Perché per poco più di una settimana Torino si trasforma nell’epicentro di un microcosmo che vede ancora nel cinema quel che spesso non gli viene più attribuito: il compito di raccontare il mondo senza appiattirsi su un’unica immagine possibile che lo rappresenti. Modificando le forme, traviando i contenuti, reinventandosi di volta in volta per poter (r)esistere anche oltre il proprio tempo. Diventare immortali. C’è Intolerance di David W. Griffith che compie cento anni, e accanto a lui giovani virgulti del futuro; ci sono gli adolescenti di quarant’anni fa, che abbandonavano le famiglie borghesi per un’etica punk che fu presto commercializzata, e in gran parte svilita, e ci sono gli adolescenti di oggi, i bambini di oggi. Ci sono autori che tutto il mondo celebra (e chi se lo fosse perso a Berlino potrà recuperare lo stupendo A Lullaby to the Sorrowful Mystery del recente Leone d’Oro Lav Diaz; ma poi anche, per rimanere in area orientale, i nuovi Sion Sono, Garin Nugroho, Kiyoshi Kurosawa…) e nomi di culto, che è diventato abituale incontrare dalle parti della Mole Antonelliana. Uno su tutti? Sébastien Betbeder, presente al festival con ben due titoli: Marie et les naufragés e Le Voyage au Groenland, visto in ACiD all’ultimo Festival di Cannes.

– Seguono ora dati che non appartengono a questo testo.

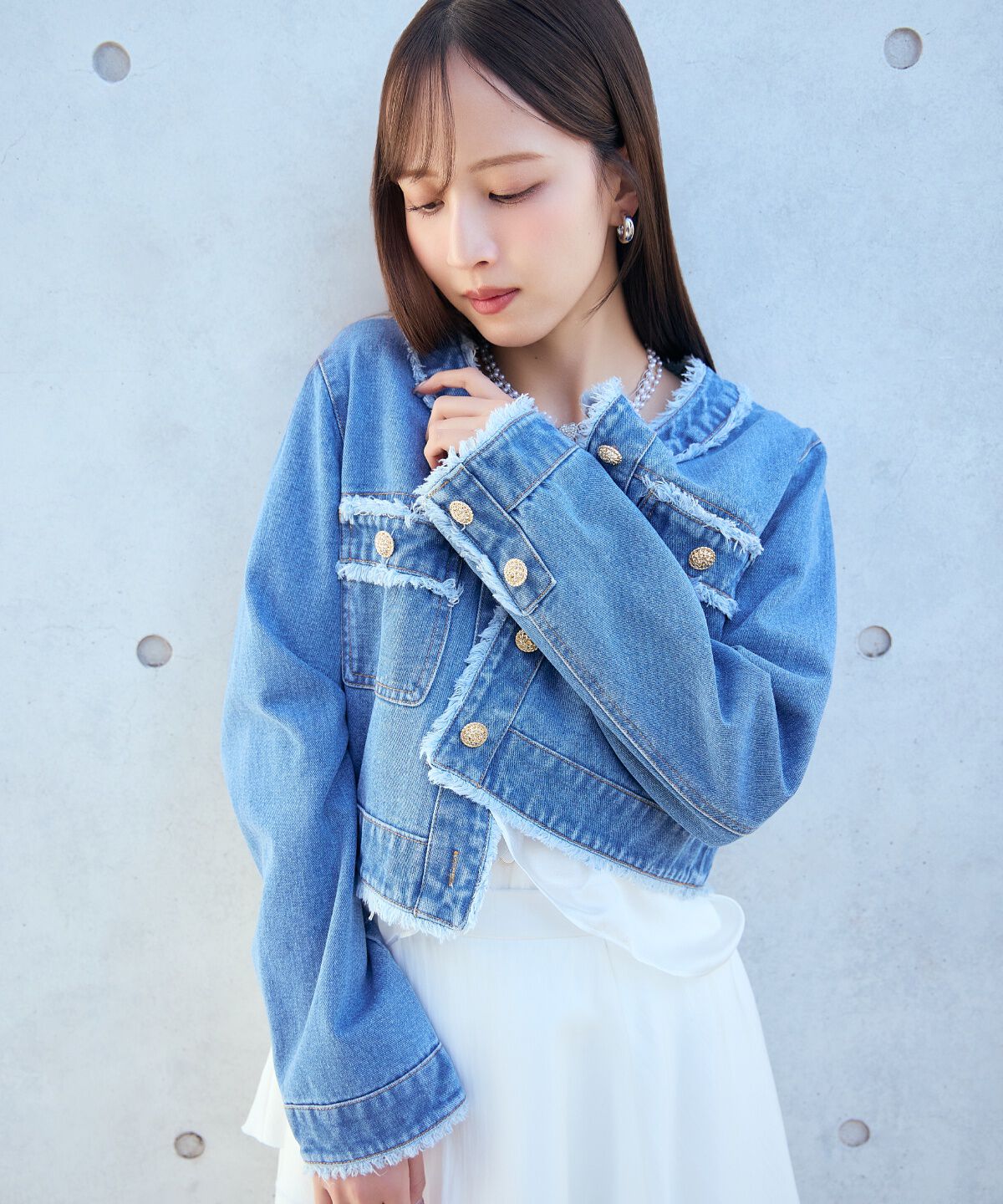 アンドクチュール「フリンジデニムジャケット」|デニムジャケット|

Senza badare troppo alle categorie di riferimento (un festival pop? Può essere… Un festival d’essai? Anche, perché no…) Torino 2016 si presenta agli spettatori ancora una volta come un evento-monstre, in cui sarà difficile divincolarsi tra un film e l’altro, scappando da una sala a rotta di collo fino all’altra, pronti ad affrontare notti al Massimo – con l’horror – e al Reposi – con il punk – nutrendosi a cornetti e caffè tra i titoli di coda di un film e quelli di testa del successivo. Abitudini che altrove si sono oramai perse, o non ci sono mai state, ma che fanno di Torino un punto di svolta, a un passo dalla fine dell’anno. E dall’arrivo del futuro. Visto dalla Terra, ma soprattuto dal cinema.